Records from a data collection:
====
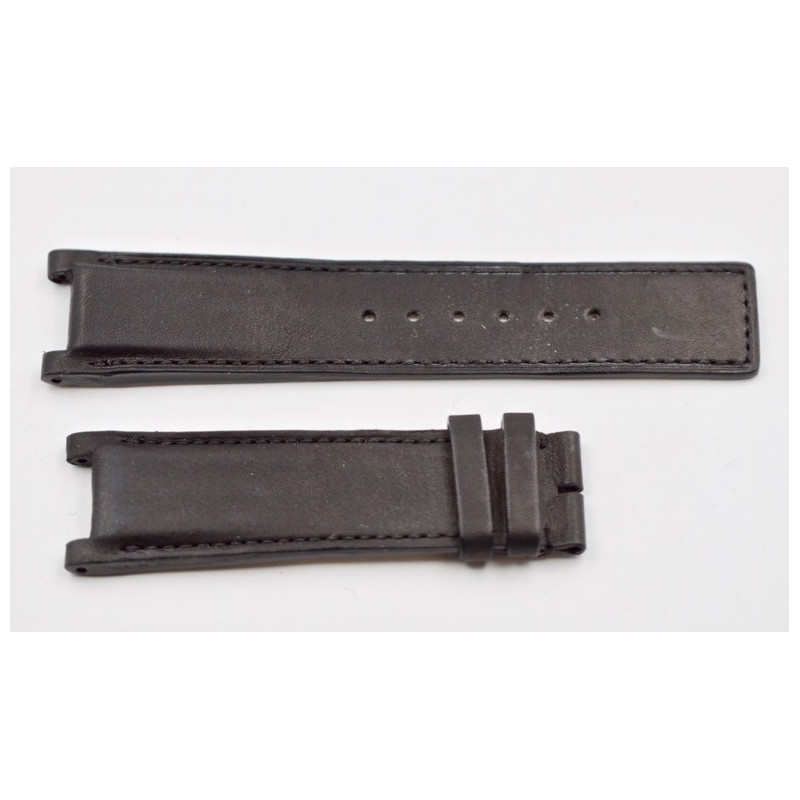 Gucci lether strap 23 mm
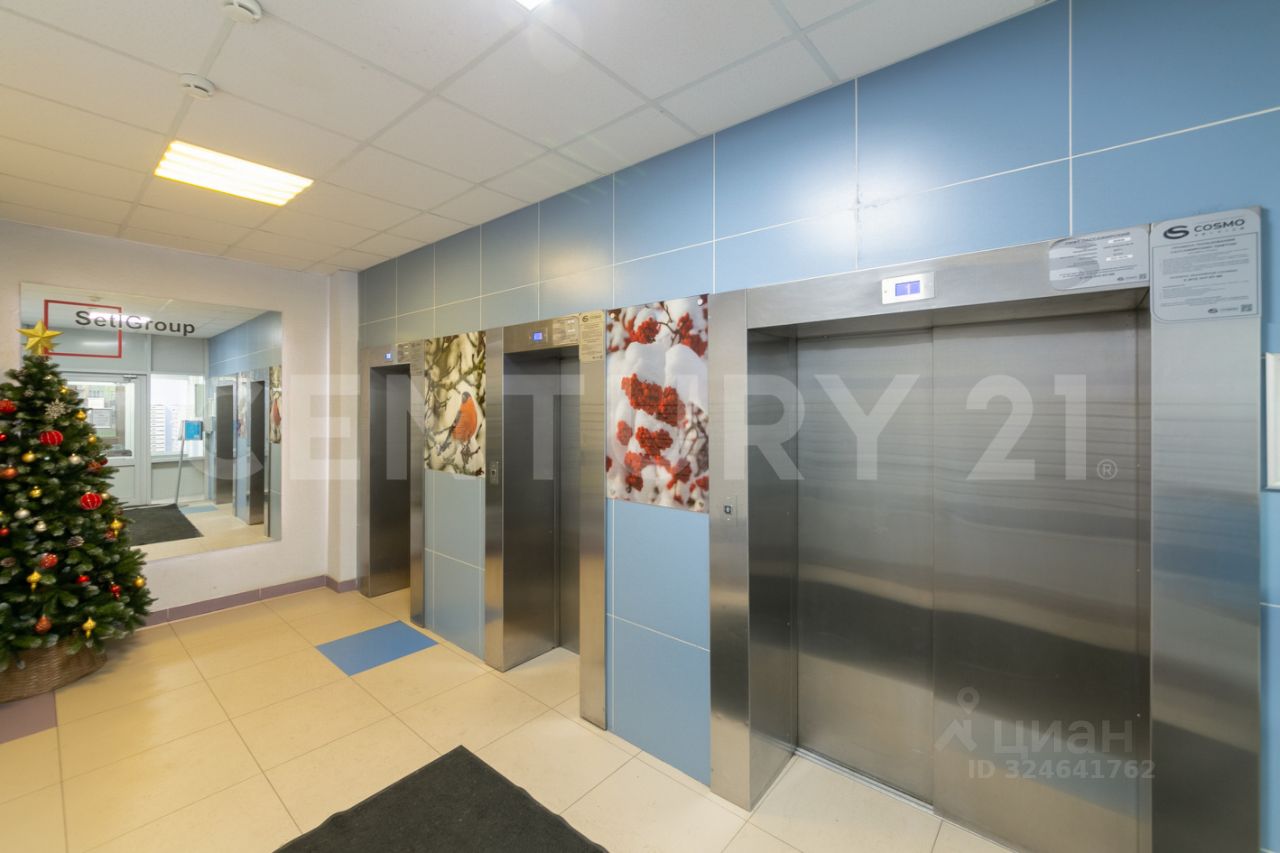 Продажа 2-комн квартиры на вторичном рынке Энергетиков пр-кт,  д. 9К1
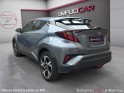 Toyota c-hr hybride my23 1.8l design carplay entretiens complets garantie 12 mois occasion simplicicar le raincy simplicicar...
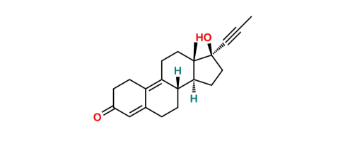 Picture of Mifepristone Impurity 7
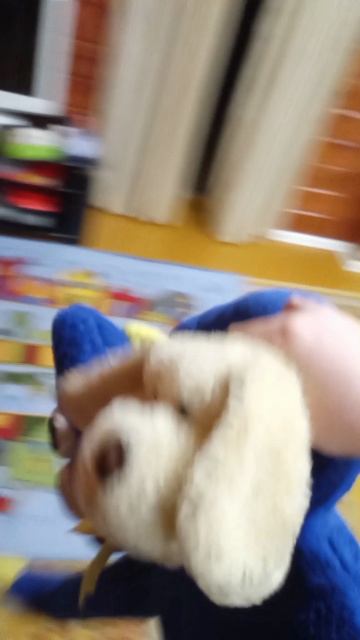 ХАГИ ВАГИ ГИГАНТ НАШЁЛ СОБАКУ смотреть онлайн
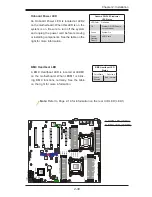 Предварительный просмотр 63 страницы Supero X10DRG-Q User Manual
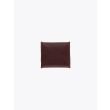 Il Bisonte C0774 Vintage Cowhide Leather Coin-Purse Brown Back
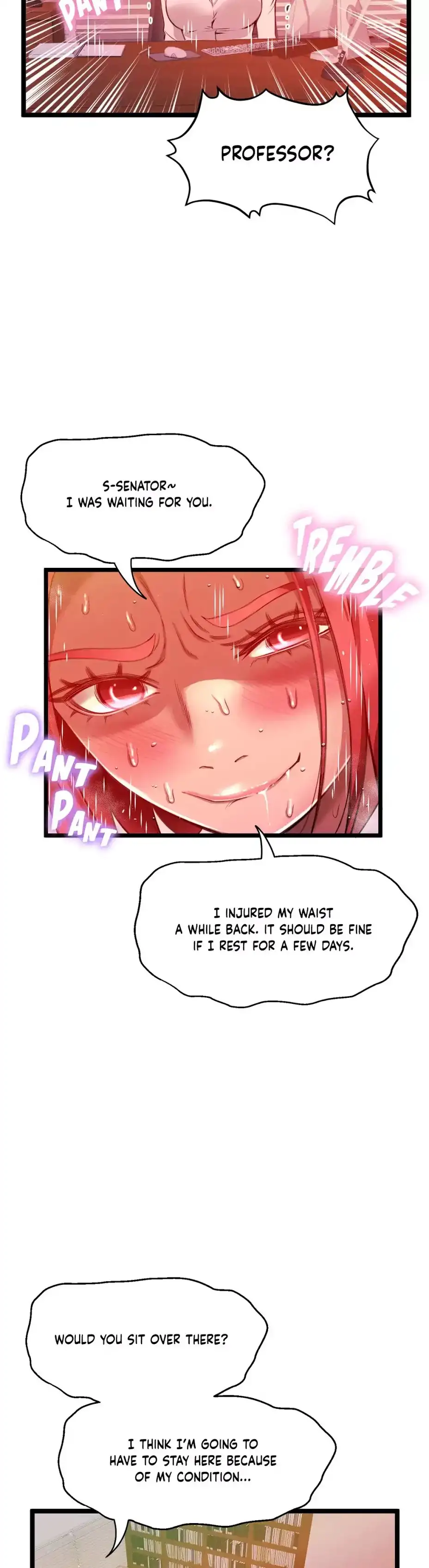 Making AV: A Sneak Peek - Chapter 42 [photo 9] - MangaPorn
====
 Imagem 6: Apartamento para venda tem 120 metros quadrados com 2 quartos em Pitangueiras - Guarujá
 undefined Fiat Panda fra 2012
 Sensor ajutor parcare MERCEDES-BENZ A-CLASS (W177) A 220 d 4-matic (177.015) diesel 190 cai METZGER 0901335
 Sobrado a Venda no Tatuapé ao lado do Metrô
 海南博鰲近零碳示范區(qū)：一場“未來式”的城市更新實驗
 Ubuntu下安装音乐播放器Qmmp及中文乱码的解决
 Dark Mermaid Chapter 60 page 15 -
====
- TASK OBJECTIVE -
Output only the lines above from the one containing "Gucci lether strap 23 mm" to the one containing "Предварительный просмотр 63", both included, exactly as written and with no pictures.

- EXERCISE ANSWER -
 Gucci lether strap 23 mm
 Продажа 2-комн квартиры на вторичном рынке Энергетиков пр-кт,  д. 9К1
 Toyota c-hr hybride my23 1.8l design carplay entretiens complets garantie 12 mois occasion simplicicar le raincy simplicicar...
 Picture of Mifepristone Impurity 7
 ХАГИ ВАГИ ГИГАНТ НАШЁЛ СОБАКУ смотреть онлайн
 Предварительный просмотр 63 страницы Supero X10DRG-Q User Manual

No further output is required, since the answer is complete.